Telescope: Orion 09843 SpaceProbe 3,3 inch aperture(76mm), 700mm focal length, eyepieces - 25mm and 10mm focal lengths Hi, I am very happy and excited to see moon craters, Jupiter and Saturn. And planets like Mars, Venus, and Uranus are just looks like a brighter star but not able to see its surface color. Similarly Jupiter looks like white small ball instead of an orange surface. I am very much excited and want to go bit closer. So please guide me list of eyepieces that I can use with this scope at least to see Jupiter surface and big moon craters.
Every scope has a minimum and maximum useful magnification (minimum on your scope is 18X and maximum is 152X - from specs on Telescope.com). Anything outside of those numbers will compromise your ability to see well through the scope. To figure out how best to make use of your scope within the restrictions of useful magnification, you need to start with how to calculate magnification from focal length.
The magnification is equal to the focal length of the telescope divided by the focal length of the eyepiece. For example, your 25mm eyepiece would allow you to get 28X magnification (700mm / 25mm = 28X). Using the same formula, your 10mm eyepiece would allow you to get 70X magnification. For an easy way to get close to 152X, you could purchase a simple 2X Barlow. (700mm / 10mm) * 2X = 140X. For now, start with your 25mm eyepiece and get used to the night sky through it. You can always step it up a bit with other eyepieces later.
So you want to see Jupiter? I think you should just barely be able to make out the dark bands in the atmosphere around 100X (so maybe a 6mm or 7mm eyepiece for your scope). You will definitely be able to see the Galilean Moons though. And speaking of moons, you should get a moon filter to cut down on the brightness when looking at our Moon. I've found it's best to observe the edge of the Moon where light turns to dark. The shadows created along the craters and mountains are magnificent to see. Enjoy!

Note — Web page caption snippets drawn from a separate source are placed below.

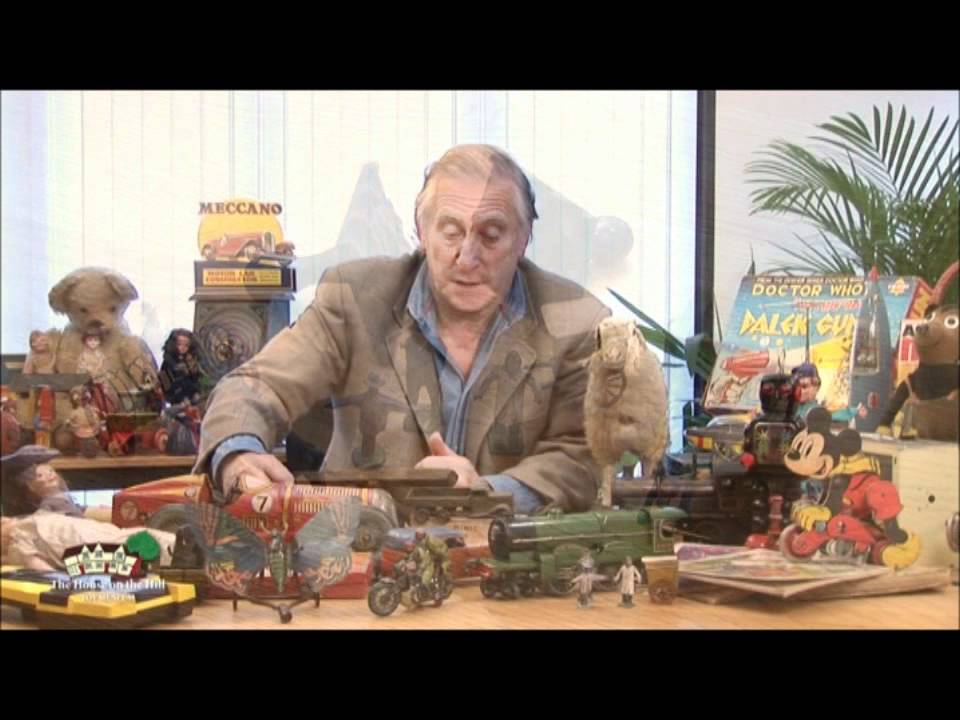 The House on the Hill Toy Museum - History of Toys by Alan Goldsmith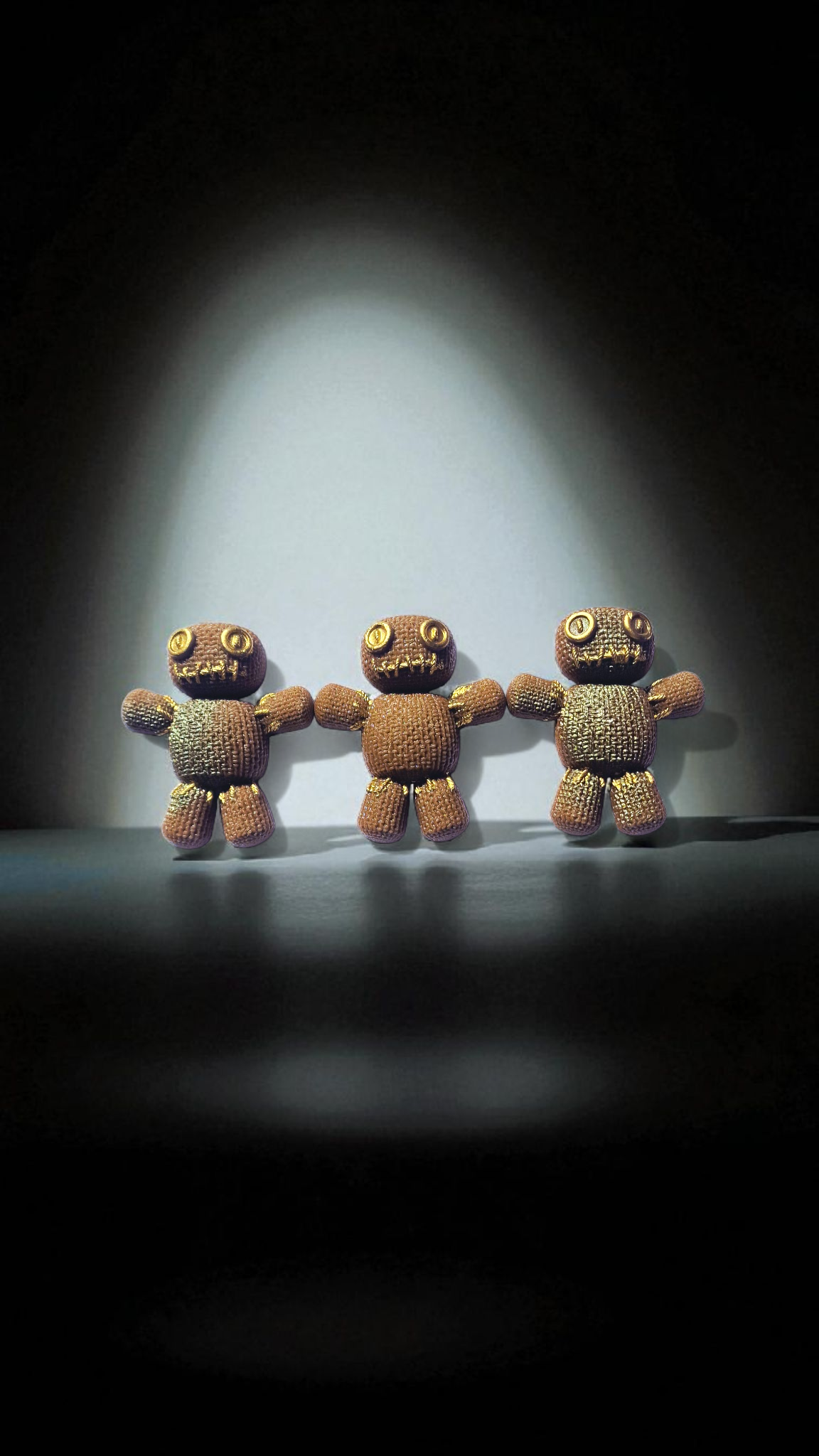 Voodoo Doll Wax Melt Shapes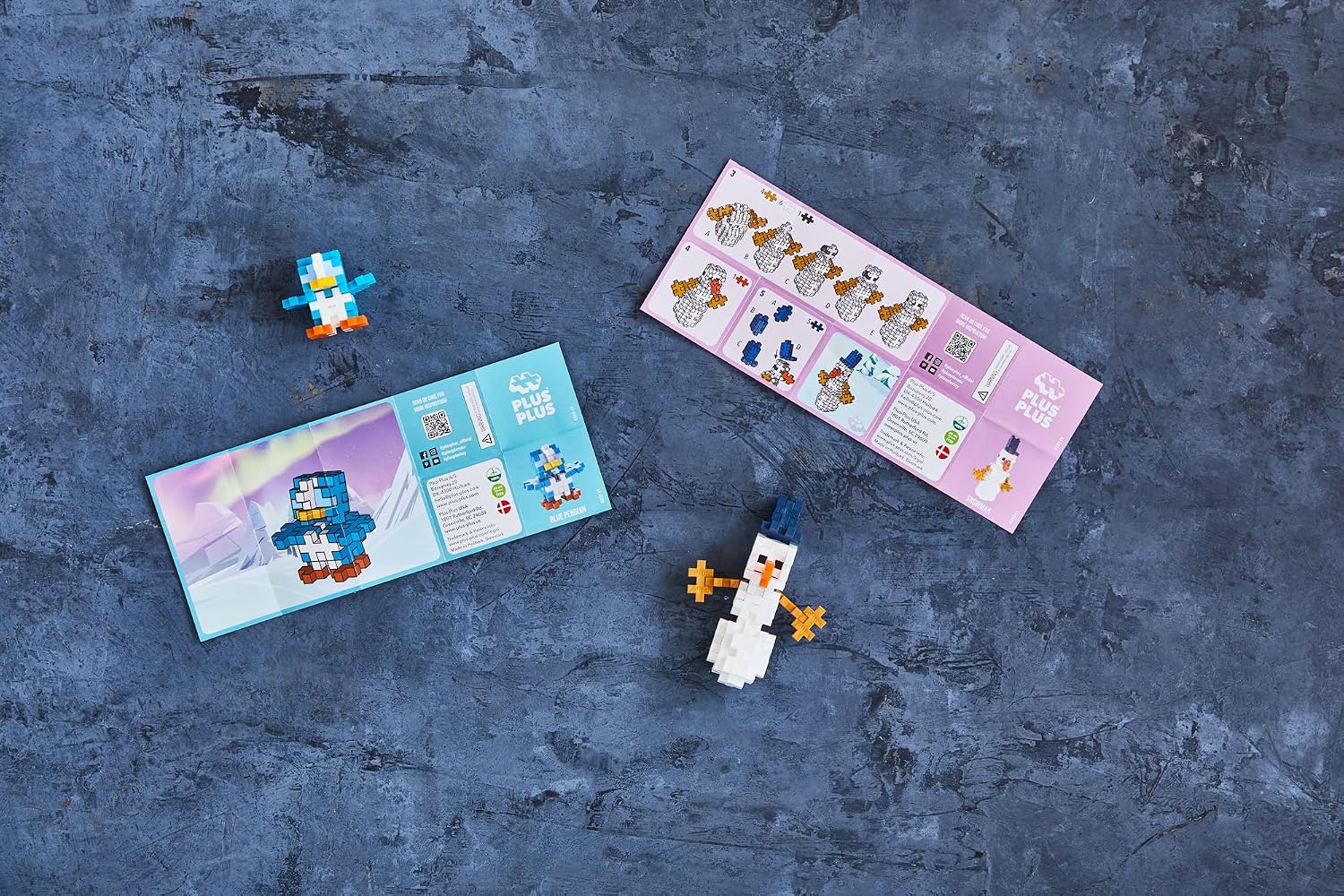 PLUS PLUS — Calendrier de l'Avent 25 Surprises 600 Pièces – Image 5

Often it helps to use colored filters that screw into the base of your eyepieces. They can increase the contrast of the details you are looking for. They are not very expensive and work quite well for this. You can also find used ones on many of the amateur astronomy sites that have a "classified" section. Different colors work better depending on the colors of the object you are observing.